» **Directions for this task**: Output all records exactly, with no images.

» **Records provided**:
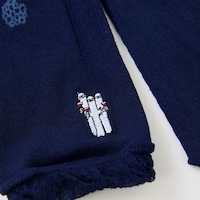 ネイビー（ブドウ柄／ニョロニョロ刺繍）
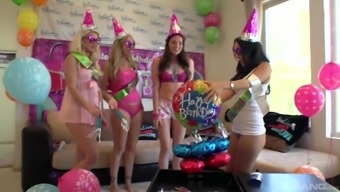Julia Ann is ready for a lesbian group for friend's birthday party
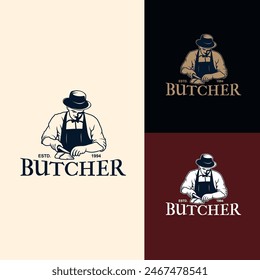 El carnicero corta y corta en rodajas un cerdo o carne de res usando un cuchillo para deshuesar. Diseño de logotipo clásico de Antiguas para Premium Meat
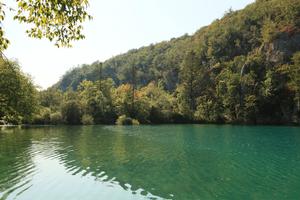 Croatia, day, eye level view, Karlovacka, lake, mountain, sunny, tree, vegetation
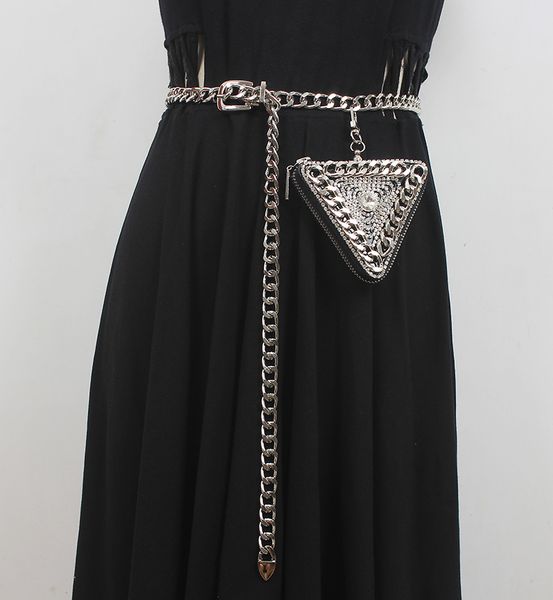 

waist bags mini triangle fanny packs women adjustable chain with coin bag female street bling chest 230713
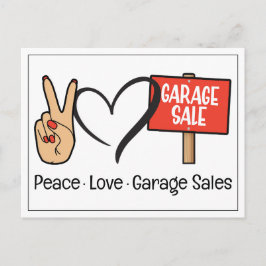 Cartão postal de vendas de garagem Paz, Amor
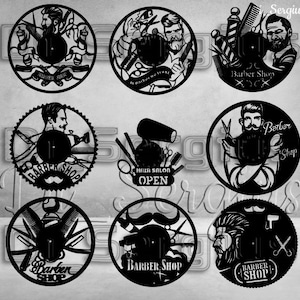 9 Projects Barber Shop Decor metal Wall, Art, Vinyl, Record, Wall Clock, Laser Cut cnc, Vector, CDR, AI, Svg, Digital, file cdr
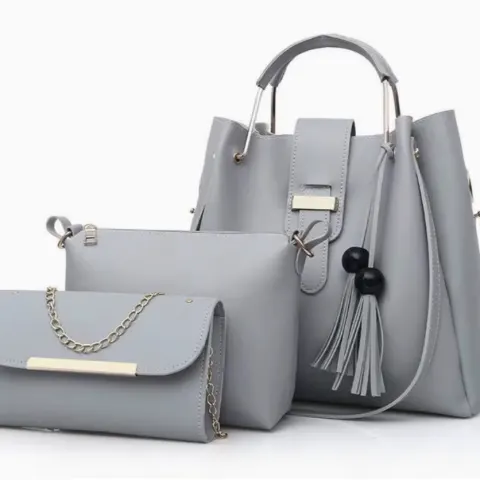 Women’s 3-Piece Handbag Set – Faux Leather Tote, Shoulder Bag & Messenger Bag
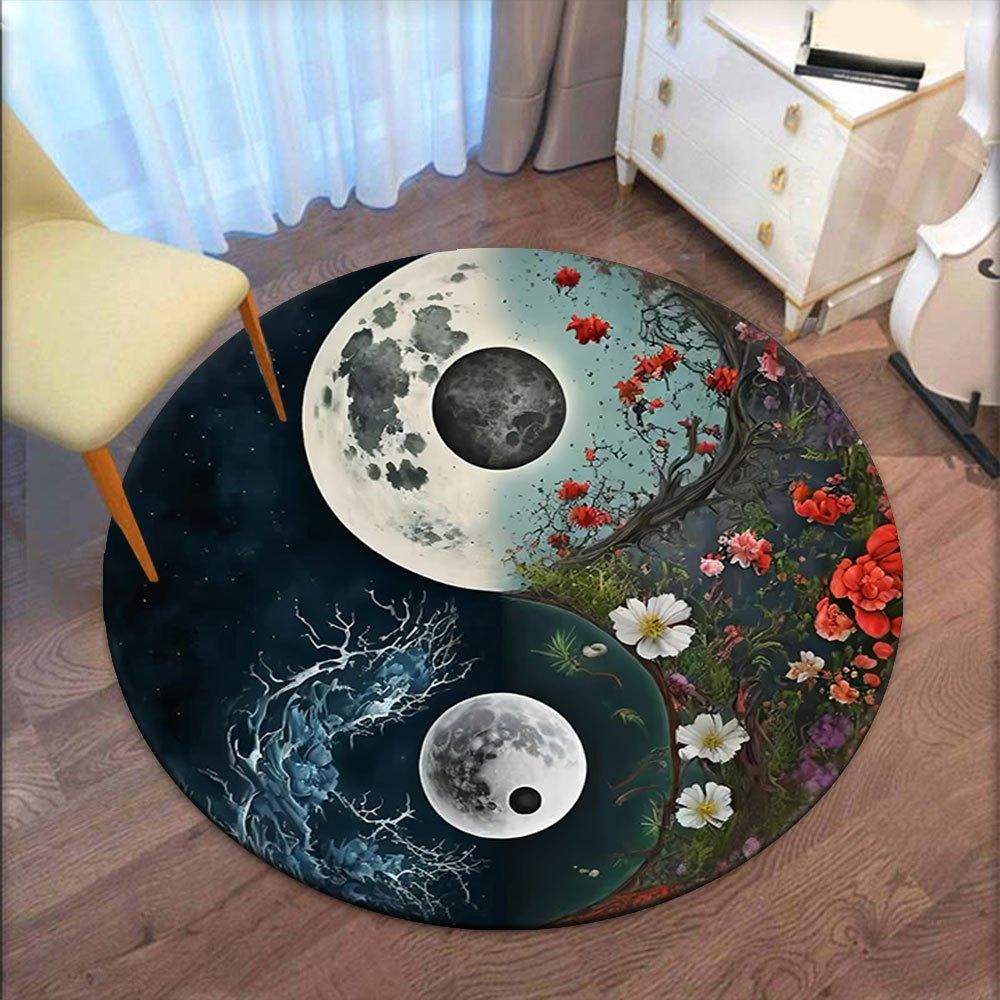 Yin Yang Moon Flowers: A Unique Artistic Design for Home DecorRound Non-Slip chair mat chair carpet for office Rugs for Office Decor Gift For Valentin
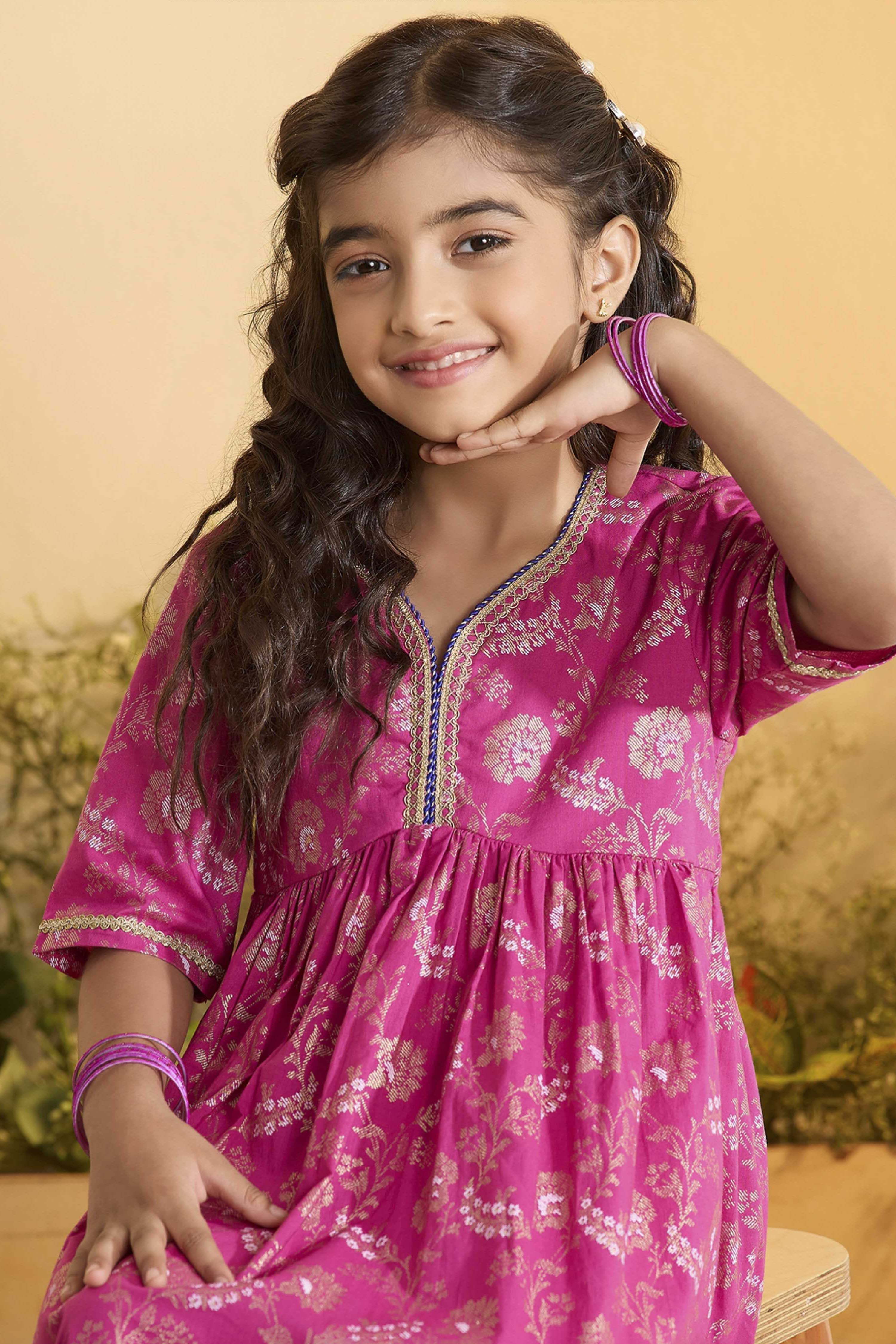 Pink Cotton Floral Printed Flared Kurta Set image number 1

» **Solution to this task**:
 ネイビー（ブドウ柄／ニョロニョロ刺繍）
Julia Ann is ready for a lesbian group for friend's birthday party
 El carnicero corta y corta en rodajas un cerdo o carne de res usando un cuchillo para deshuesar. Diseño de logotipo clásico de Antiguas para Premium Meat
 Croatia, day, eye level view, Karlovacka, lake, mountain, sunny, tree, vegetation

waist bags mini triangle fanny packs women adjustable chain with coin bag female street bling chest 230713
 Cartão postal de vendas de garagem Paz, Amor
 9 Projects Barber Shop Decor metal Wall, Art, Vinyl, Record, Wall Clock, Laser Cut cnc, Vector, CDR, AI, Svg, Digital, file cdr
 Women’s 3-Piece Handbag Set – Faux Leather Tote, Shoulder Bag & Messenger Bag
 Yin Yang Moon Flowers: A Unique Artistic Design for Home DecorRound Non-Slip chair mat chair carpet for office Rugs for Office Decor Gift For Valentin
 Pink Cotton Floral Printed Flared Kurta Set image number 1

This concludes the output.